BRIEF: The answer must consist of every line from the data that holds "beach".

SOURCE MATERIAL:
※

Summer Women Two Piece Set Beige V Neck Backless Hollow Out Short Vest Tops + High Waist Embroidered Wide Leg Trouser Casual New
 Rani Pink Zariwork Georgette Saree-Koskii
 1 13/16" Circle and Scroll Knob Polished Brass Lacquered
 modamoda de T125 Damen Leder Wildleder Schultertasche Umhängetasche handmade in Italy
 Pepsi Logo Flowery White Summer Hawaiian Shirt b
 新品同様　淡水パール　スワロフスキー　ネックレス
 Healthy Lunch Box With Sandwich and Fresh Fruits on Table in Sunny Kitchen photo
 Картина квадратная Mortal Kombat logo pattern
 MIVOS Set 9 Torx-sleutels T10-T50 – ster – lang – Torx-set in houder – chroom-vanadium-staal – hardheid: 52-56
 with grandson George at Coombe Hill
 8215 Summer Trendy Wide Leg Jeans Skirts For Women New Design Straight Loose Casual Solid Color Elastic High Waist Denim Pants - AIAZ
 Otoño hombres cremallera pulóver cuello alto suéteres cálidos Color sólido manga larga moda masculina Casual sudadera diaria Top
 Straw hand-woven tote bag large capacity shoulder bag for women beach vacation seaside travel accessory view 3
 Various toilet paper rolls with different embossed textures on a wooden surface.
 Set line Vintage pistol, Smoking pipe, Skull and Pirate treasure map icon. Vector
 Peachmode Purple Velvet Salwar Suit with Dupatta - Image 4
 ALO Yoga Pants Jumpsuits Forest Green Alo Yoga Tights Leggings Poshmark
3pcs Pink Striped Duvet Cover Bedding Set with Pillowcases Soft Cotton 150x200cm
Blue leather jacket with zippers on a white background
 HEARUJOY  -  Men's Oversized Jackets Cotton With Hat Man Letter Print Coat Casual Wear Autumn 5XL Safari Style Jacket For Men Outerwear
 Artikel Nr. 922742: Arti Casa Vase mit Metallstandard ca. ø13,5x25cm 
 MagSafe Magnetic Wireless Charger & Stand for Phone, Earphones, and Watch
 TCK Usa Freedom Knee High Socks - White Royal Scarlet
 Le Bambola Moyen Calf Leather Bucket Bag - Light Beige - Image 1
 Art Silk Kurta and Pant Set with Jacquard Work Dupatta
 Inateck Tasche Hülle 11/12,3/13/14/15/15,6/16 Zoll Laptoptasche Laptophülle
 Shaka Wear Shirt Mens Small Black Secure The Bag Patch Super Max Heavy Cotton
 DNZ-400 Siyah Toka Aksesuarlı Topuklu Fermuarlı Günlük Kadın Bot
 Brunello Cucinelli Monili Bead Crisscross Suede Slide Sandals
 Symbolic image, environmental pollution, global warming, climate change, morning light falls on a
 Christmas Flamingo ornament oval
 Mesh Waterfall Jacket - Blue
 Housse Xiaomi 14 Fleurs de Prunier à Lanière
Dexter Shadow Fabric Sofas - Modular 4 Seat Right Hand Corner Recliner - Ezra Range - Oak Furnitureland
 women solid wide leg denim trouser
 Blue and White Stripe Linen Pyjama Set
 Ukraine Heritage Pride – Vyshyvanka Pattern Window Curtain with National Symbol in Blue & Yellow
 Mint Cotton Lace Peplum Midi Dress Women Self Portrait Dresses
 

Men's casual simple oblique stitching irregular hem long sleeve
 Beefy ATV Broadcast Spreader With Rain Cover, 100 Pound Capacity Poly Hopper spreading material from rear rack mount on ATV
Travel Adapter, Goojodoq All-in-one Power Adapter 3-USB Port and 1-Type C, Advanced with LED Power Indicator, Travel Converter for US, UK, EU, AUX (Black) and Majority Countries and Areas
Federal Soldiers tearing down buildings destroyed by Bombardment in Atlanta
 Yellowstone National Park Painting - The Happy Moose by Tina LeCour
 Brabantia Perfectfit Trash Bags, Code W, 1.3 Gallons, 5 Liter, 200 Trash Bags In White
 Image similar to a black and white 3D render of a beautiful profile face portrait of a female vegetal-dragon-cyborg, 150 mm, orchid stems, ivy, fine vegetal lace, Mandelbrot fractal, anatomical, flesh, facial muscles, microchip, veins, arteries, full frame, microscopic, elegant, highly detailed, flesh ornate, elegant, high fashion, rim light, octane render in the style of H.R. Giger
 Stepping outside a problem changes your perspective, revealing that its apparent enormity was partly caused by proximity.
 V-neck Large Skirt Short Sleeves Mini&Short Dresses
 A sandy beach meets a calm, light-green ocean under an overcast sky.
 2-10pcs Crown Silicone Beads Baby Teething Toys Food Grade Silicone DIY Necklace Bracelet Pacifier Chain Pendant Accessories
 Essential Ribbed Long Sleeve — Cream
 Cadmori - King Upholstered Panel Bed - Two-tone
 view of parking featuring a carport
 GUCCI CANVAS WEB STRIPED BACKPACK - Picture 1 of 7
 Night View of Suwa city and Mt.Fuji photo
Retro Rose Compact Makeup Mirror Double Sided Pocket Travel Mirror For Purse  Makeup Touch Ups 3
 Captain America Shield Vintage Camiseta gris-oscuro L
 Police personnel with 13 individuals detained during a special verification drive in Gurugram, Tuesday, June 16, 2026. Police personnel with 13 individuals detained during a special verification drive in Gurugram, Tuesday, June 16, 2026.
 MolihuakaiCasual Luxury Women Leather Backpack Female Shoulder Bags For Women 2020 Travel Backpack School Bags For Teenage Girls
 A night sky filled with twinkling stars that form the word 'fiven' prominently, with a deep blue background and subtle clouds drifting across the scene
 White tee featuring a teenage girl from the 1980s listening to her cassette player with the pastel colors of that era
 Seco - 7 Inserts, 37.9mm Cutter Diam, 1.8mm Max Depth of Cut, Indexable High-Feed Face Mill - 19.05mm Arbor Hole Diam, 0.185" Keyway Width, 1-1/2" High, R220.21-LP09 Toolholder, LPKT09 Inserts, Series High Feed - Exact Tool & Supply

※

SOLVED PROBLEM:
 Straw hand-woven tote bag large capacity shoulder bag for women beach vacation seaside travel accessory view 3
 A sandy beach meets a calm, light-green ocean under an overcast sky.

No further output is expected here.